Nabiullina mengajukan pengunduran diri kepada Putin, namun ditolak. Putin justru memperpanjang masa jabatan Nabiullina selama lima tahun ke depan. Nabiullina diminta mengelola dampak dari konflik Rusia-Ukraina terhadap ekonomi dalam negeri.
Nabiullina belum berkomentar secara terbuka tentang pengangkatannya kembali. Juru bicara bank sentral dan Kremlin juga tidak menjawab permintaan komentar.
Nabiullina disukai oleh investor. Majalah bidang ekonomi yaitu Euromoney dan The Banker menyebut Nabiullina sebagai salah satu pembuat kebijakan moneter terbaik dunia. Sekarang dia harus menghadapi ekonomi masa perang yang terisolasi oleh sanksi internasional, dan kekurangan investasi karena perusahaan asing telah meninggalkan Rusia.
Sejak operasi militer khusus Rusia ke Ukraina, nilai mata uang rubel terhadap dolar AS terjatuh. Selain itu, sanksi yang diberlakukan oleh Barat dan beberapa negara lainnya telah berdampak pada ekonomi Rusia. Nabiullina mengambil langkah untuk menggandakan suku bunga, dan memberlakukan kontrol modal untuk menahan arus keluar uang tunai. Bank sentral menghentikan intervensi untuk mempertahankan rubel, setelah Barat separuh dari total cadangan devisa Rusia yaitu 643 miliar dolar AS.

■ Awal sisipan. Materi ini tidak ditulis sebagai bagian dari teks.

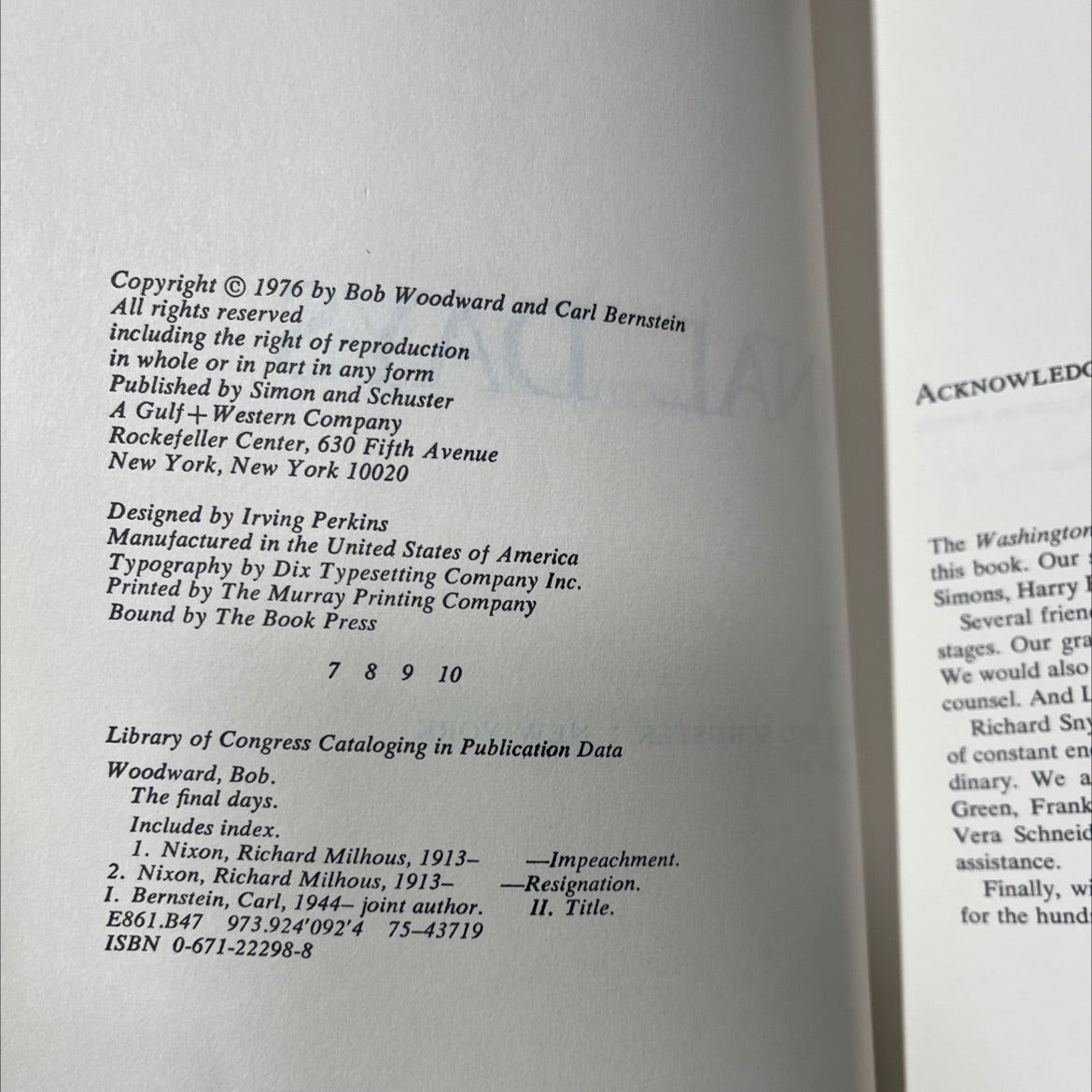 the final days book, by Bob Woodward, Carl Bernstein, 1976 Hardcover image 3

“Selama ada eskalasi, bank sentral hanya bisa beradaptasi dengan guncangan,” kata mantan pejabat tinggi bank sentral Rusia, Oleg Vyugin.

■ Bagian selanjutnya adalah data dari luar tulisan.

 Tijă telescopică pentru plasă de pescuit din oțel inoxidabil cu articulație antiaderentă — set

Beberapa pejabat bank sentral menggambarkan keadaan putus asa sejak invasi berlangsung. Mereka merasa terjebak dalam sebuah institusi yang dikhawatirkan tidak akan banyak berfungsi, karena Rusia terputus dari dunia luar.
Sebelum invasi, para pejabat memodelkan skenario yang mencakup kemungkinan pemutusan layanan pesan keuangan SWIFT. Mereka menganggap, Barat tidak mungkin membekukan cadangan devisa Rusia karena tindakan ini terlalu ekstrem. Namun kenyataannya, Barat telah membekukan separuh dari cadangan devisa Rusia.
Awal bulan ini, Putin meyakini bahwa Rusia mampu mengatasi kesulitan ekonominya. Putin membandingkan gelombang pembatasan yang dihadapi Rusia saat ini, dengan sanksi yang diberlakukan pada Uni Soviet selama Perang Dingin. Menurut Putin, Uni Soviet mampu hidup di bawah sanksi dan menjadi negara yang kuat. Putin optimistis, sanksi yang dijatuhkan Barat saat ini dapat menciptakan kemandirian ekonomi bagi Rusia.
“Uni Soviet hidup di bawah sanksi, berkembang dan mencapai kesuksesan besar," ujar Putin, dilansir Bloomberg, Kamis (24/3/2022).
Para ekonom memperkirakan terjadi penurunan pertumbuhan ekonomi sebanyak dua digit tahun ini. Sementara runtuhnya rubel dan kekurangan barang dapat memicu inflasi sebanyak 25 persen atau tertinggi di Rusia sejak default utang pemerintah pada 1998.
Dalam sebuah video pendek kepada staf bank sentral pada 2 Maret, Nabiullina memohon kepada semua pihak untuk menghindari debat politik. Dia menggambarkan situasi ekonomi saat ini sangat ekstrem.
"Ini (debat politik) hanya membakar energi yang kita butuhkan untuk melakukan pekerjaan kita," ujar Nabiullina.